Ridley Scott's sci-fi saga is an overreaching folly that's well worth seeing on the biggest screen possible.

There is a logical flaw at the heart of Prometheus, the jaw-slackening but intellectually wayward new film from Alien director Ridley Scott. Over the course of two hours, billions of light-years and one central mystery, Scott takes us on a journey driven by a single, persistent question: why? It is the question, Scott suggests, that defines us as humans. And yet – tantalisingly? Infuriatingly? Unforgivably? – his film refuses to offer us an answer. “Why?” you will indeed ask. “Find out next week,” the film will reply.

Returning to the science-fiction milieu of previous triumphs – returning, in fact, to the same narrative universe as his 1979 classic if not, exactly, the same cinematic topography – Scott has crafted something spectacular but hollow.

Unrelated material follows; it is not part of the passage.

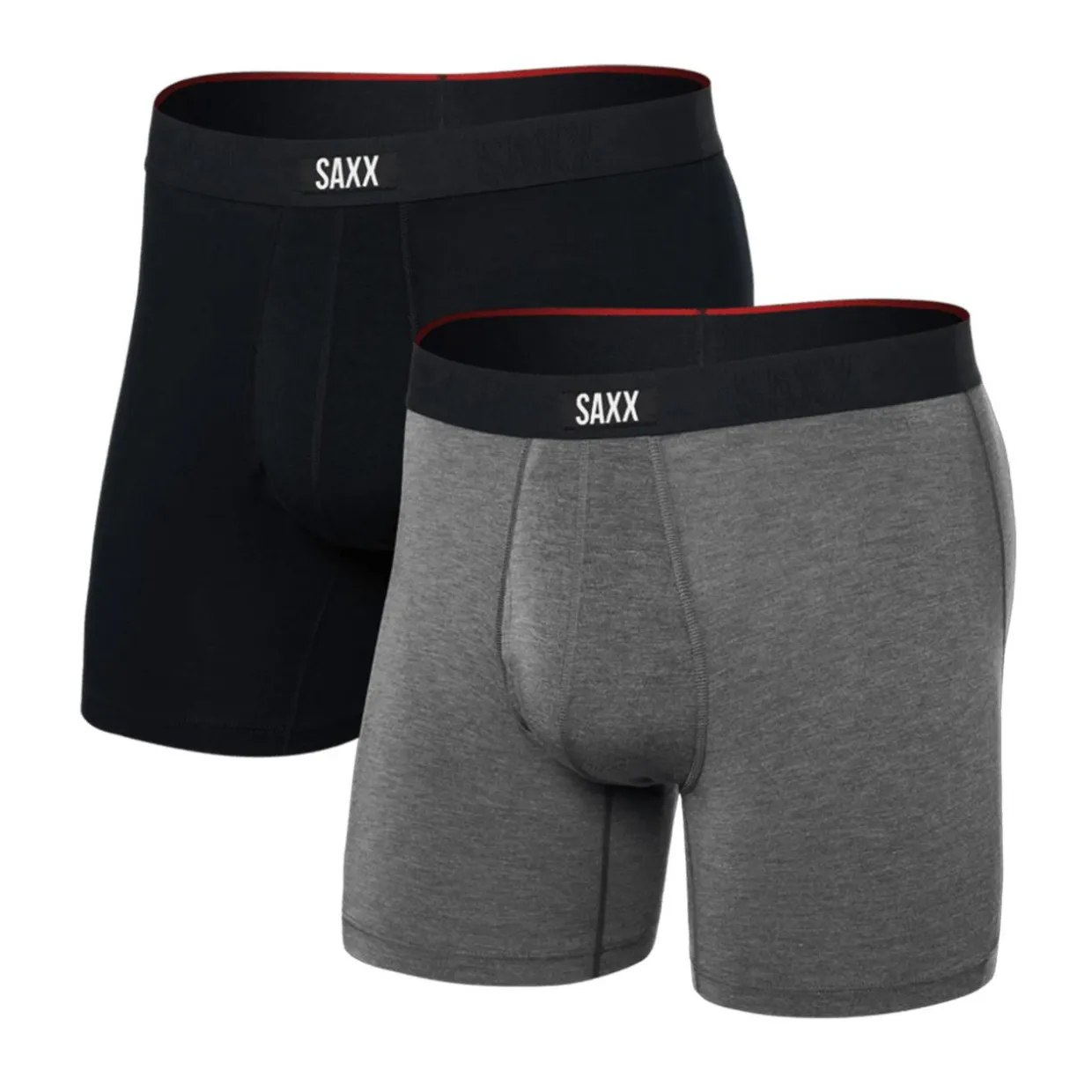 Vibe Xtra Boxer Brief Fly - 2 Pack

No amount of fanfare can prepare you for the exquisite visual riches of Prometheus. Scott pitches us into his film like a god, spilling the audience from the palm of his hand into a starscape of spinning planets, ion drives and alien technology. Witnessed in vertiginous IMAX, your first instinct is to cower in awe. But it’s not (just) the mystery of the universe that the film is calling to our attention. Prometheus is a hubristic, self-reflexive exercise. “Look at this,” Scott says. And then, “Look at me!”

It is this self-reflexivity, as much as the familiar elements of the Alien universe, that makes Prometheus a film of returns; an Odyssey back towards something that remains out of reach. For the crew of the ship – a rag-tag band of scientists and ambitious corporate officers – it’s a communion with the ‘Engineers’, an alien race who left clues to their whereabouts on Earth many millennia before. For the audience, it’s the chance to relive that original experience, to be brought face-to-face once again with the xenomorphs and wonder whether, this time, anyone will hear us scream.

There are hints and reminders of those previous films littered throughout Prometheus, but for the most part they’re as ossified as the corpses the crew find on the alien homeworld. Shrouded in echoes of other films, it’s easy to judge Prometheus for what it isn’t because it isn’t a patch on the two movies that made the franchise.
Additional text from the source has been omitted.